I'm a failure. I honestly believe that there isn't anything that I can do well and everything that I have done has been shit. why the fuck did they even hire me in the first place at that church? I obviously haven't been able to do what they want me to do and don't think that I can do what they want done (not that they even know what that is). they've slapt me in the face. They reduced my hours from being half time to being one third time (20 down to 13 hours a week) and only 10 months of the year (sept to june). So at the end of my current contract I won't be working for 2 months at the church if I continue my position in sept.

At the same time what's the point of me trying to do anything?

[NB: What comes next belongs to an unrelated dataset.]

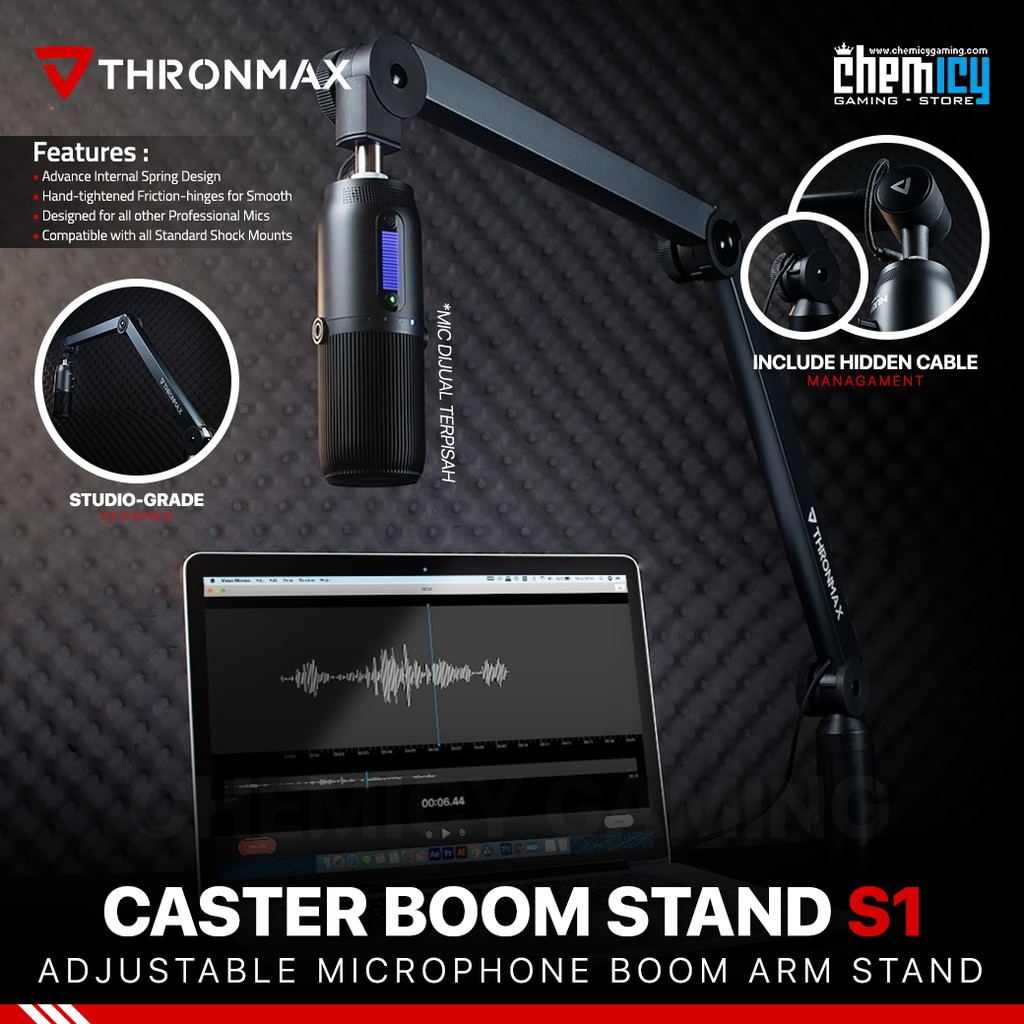 Thronmax Caster S1 Microphone Boom Stand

It's not like all of a sudden I'm going to be getting a bunch of youth out for programs regardless of how much time I put into planning a program and if it's what they've requested. I'm ready to give up. I don't think I can go on with this any more.

Why did God have me serve the church in this way? I wasted my time on serving God and God's church. And look where it got me, feeling totally depressed, hating myself, and a church that has wasted it's money. I can't do it anymore. I don't offer as many programs because the youth and children just don't show up for them. Half the time when I do offer a program the attendance is like 3 kids. And when Joan points out that a program isn't scheduled for this week well that's partly because she and the worship committee agreed with me to cancel it since we knew that there weren't any families who were able to come. I have put so much time and energy into some of these bloody programs that other people suggested and they thought would work, and yet nothing.

I'm so upset that my entire body hurts, my head, my stomach, my legs, everything. Over the past 4 hours I've cried on and off. Even though I knew this was coming, it just fuckin' sucks.

Not to mention that one of my staff from my other job thinks that she isn't getting "credit where credit is due". That I have been taking recognition for her work on the project. FUCK HER! I totally haven't done that. Piss me off. But somehow it seems to her that I haven't done my job properly there. Why do I bother?

And I get to go to church in the morning to teach sunday school and welcome 2 adults into the church after their baptisms. So ready to be fake with my plastic church face on.

If I had to make a decision right now, I would quit both of my jobs. However i know that I'm not in any position right now to make a decision like that.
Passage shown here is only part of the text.